4.        The Court had victim personal statements from the local resident, his two daughters, who were the beneficiaries of the trust he established, and the local resident, which demonstrated the real distress caused by such frauds.

5.        The defendant became an equity partner in 1989 at the age of 28, and in the 1990s, estimated his earnings at £400,000 a year.  In 1998, he sold his interest in his trust company for some £4.4 million, so that by any definition, he and his family were wealthy.  However, this led to an extravagant lifestyle and imprudent investments.  He had, for example, invested in an English company called Solar GB, which was developing LED lighting for high tech industrial applications, and which was a constant cash drain on the defendant, its sole source of funding.  It eventually folded.  In the 2000s, and for entirely unrelated reasons, the income of the firm reduced and even though we were told that the defendant was still earning £150,000 per annum, he came under financial strain.  He had a personal overdraft secured over the matrimonial home, which was continuously at its limit of £600,000, although none of this seemed to dent his extravagant lifestyle.  In essence, he helped himself to the funds of these three clients in order to meet his financial obligations and continue that lifestyle.
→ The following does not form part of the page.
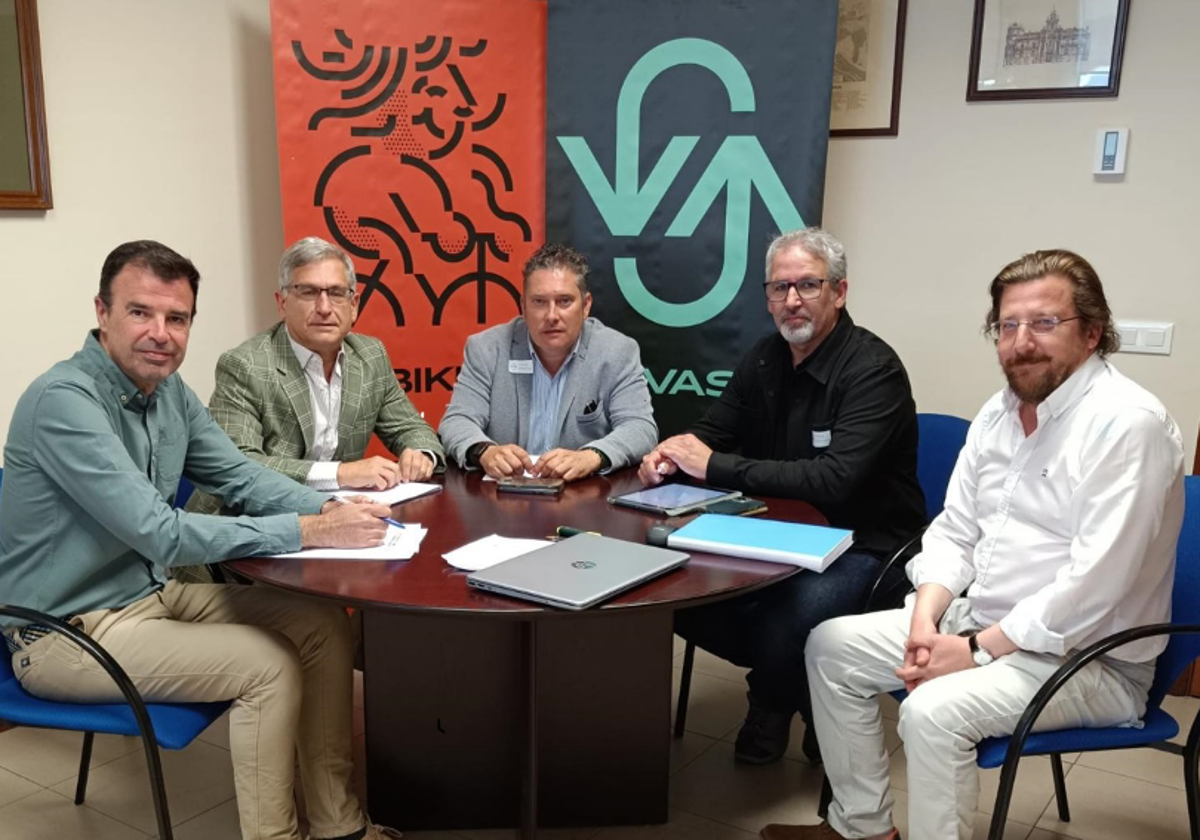 En el centro de la foto, Alberto Redondo, alcalde de La Cistérniga y Eduardo Cabanillas, segundo por la izquierda, gerente de AUVASA. acompañados de otros responsables técnicos.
6.        The prosecution referred the Court to the review carried out by Whelan on Sentencing of cases involving professionals in the financial services sector, and, in particular, referred us to the cases of AG v Bryce Richards [2005] JRC 138A, AG v Morgan [2006] JRC 176, AG v Smith [2011] JRC 175, R v Higgs (1986) 8 Cr. App. R. (S.) 440, AG v Lewis, Christmas and others [2012] JRC 177 (a case we note concerned with fraudulent inducement to invest) and AG v Garraway [2014] JRC 120.

7.        Sentences in these cases do not follow a formula based on the amount involved in the fraud.  In AG v Hanley 1993/134 (14th October 1993), the Court quoted the following passage from the English Court of Appeal case of Higgs (1986) 8 Cr. App. R. (S.) 440 as follows:-

“One must not be over dazzled by the total sum involved.  That sum is obviously not the only factor to be considered but it may in many cases provide a useful guide … One does not proceed by mathematical progression to add years or months to a sentence in direct proportion to the amount of money taken until one reaches a very large number of years.  But the amount taken cannot be regarded as irrelevant, nor can it be said that after a certain ceiling of stealing has been reached, any further stealing should make little or no difference to the period of the sentence.”

8.        It is well established that the Court will have regard to the checklist of criteria set out in the English Court of Appeal decision of R v Barrick (1985) 81 Cr. App. R. (S.) 78 which is as follows:-

“(i)      The quality and degree of trust reposed in the offender including his rank.

(ii)       The period over which the fraud or the thefts have been perpetrated.

(iii)      The use to which the money or property dishonestly taken was put.

(iv)      The effect upon the victim.

(v)       The impact of the offences on the public and public confidence.

(vi)      The effect on fellow employees or partners.

(vii      The effect on the offender himself.

(viii)    His own history.

(ix)      Those matters of mitigation special to himself such as illness; being placed under great strain by excessive responsibility or the like, where, as sometimes happens, there has been a long delay, say over two years, between his being confronted with his dishonesty by his professional body or the Police and the start of his trial; finally, any help given by him to the Police.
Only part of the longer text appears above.